An Iraqi military base where U.S. and allied coalition troops are stationed has been targeted by a rocket attack just as the Pentagon released new photos purporting to show Iran was behind recent attacks on oil tankers in the Gulf of Oman.

The Iraqi military's official Security Media Cell reported Monday that "a short time ago, three Katyusha rockets fell on Camp Taji," a military installation also known as Camp Cooke, located about 17 miles north of Baghdad.

The apparent attack came just two days after unknown assailants fired rockets at Balad air base, another Iraqi installation where U.S. military personnel were present.

No casualties were reported in the previous attack, though the Security Media Cell said more details would be forthcoming about the latest incident, which also came amid a spike in tensions between the U.S. and Iran, which has begun to scale back its commitments to a 2015 nuclear deal that the White House pulled out of completely on a year ago.

President Donald Trump's decision to leave the deal despite it still being supported by Iran and fellow signatories China, the EU, France, Germany, Russia and the United Kingdom was accompanied by a "maximum pressure" campaign of strict sanctions designed to undermine the Islamic Republic's economy.

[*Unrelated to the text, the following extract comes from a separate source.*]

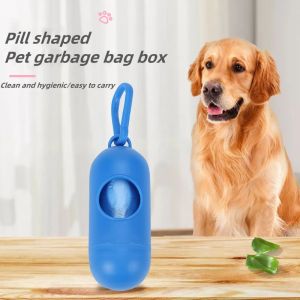 Portable Pet Poop Bag Dispenser Pill Capsule Dog Waste Outdoor Convenient Storage Case Poop Picking Pill Holder Lightweight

As Tehran dismissed Washington's warnings of a heightened threat posed by Iranian forces and their allies in the Middle East, recent incidents have left the region on edge.

Iraq, which has close ties to both the U.S. and Iran, has found itself caught in the middle of the latest unrest as various Shiite Muslim paramilitaries supportive of Tehran threatened to expel U.S. troops, which have largely been present in the country since overthrowing its former government and attempting to quell a Sunni Muslim insurgency led first by Al-Qaeda and then the Islamic State militant group (ISIS).

Iran, too, was active in battling these jihadis, but also accused the Pentagon of destabilizing the country, as Washington has accused Tehran of doing.

Isolated rocket attacks have occurred near U.S. government facilities in past months and have usually been blamed by the Trump administration on Iran, which has denied any role.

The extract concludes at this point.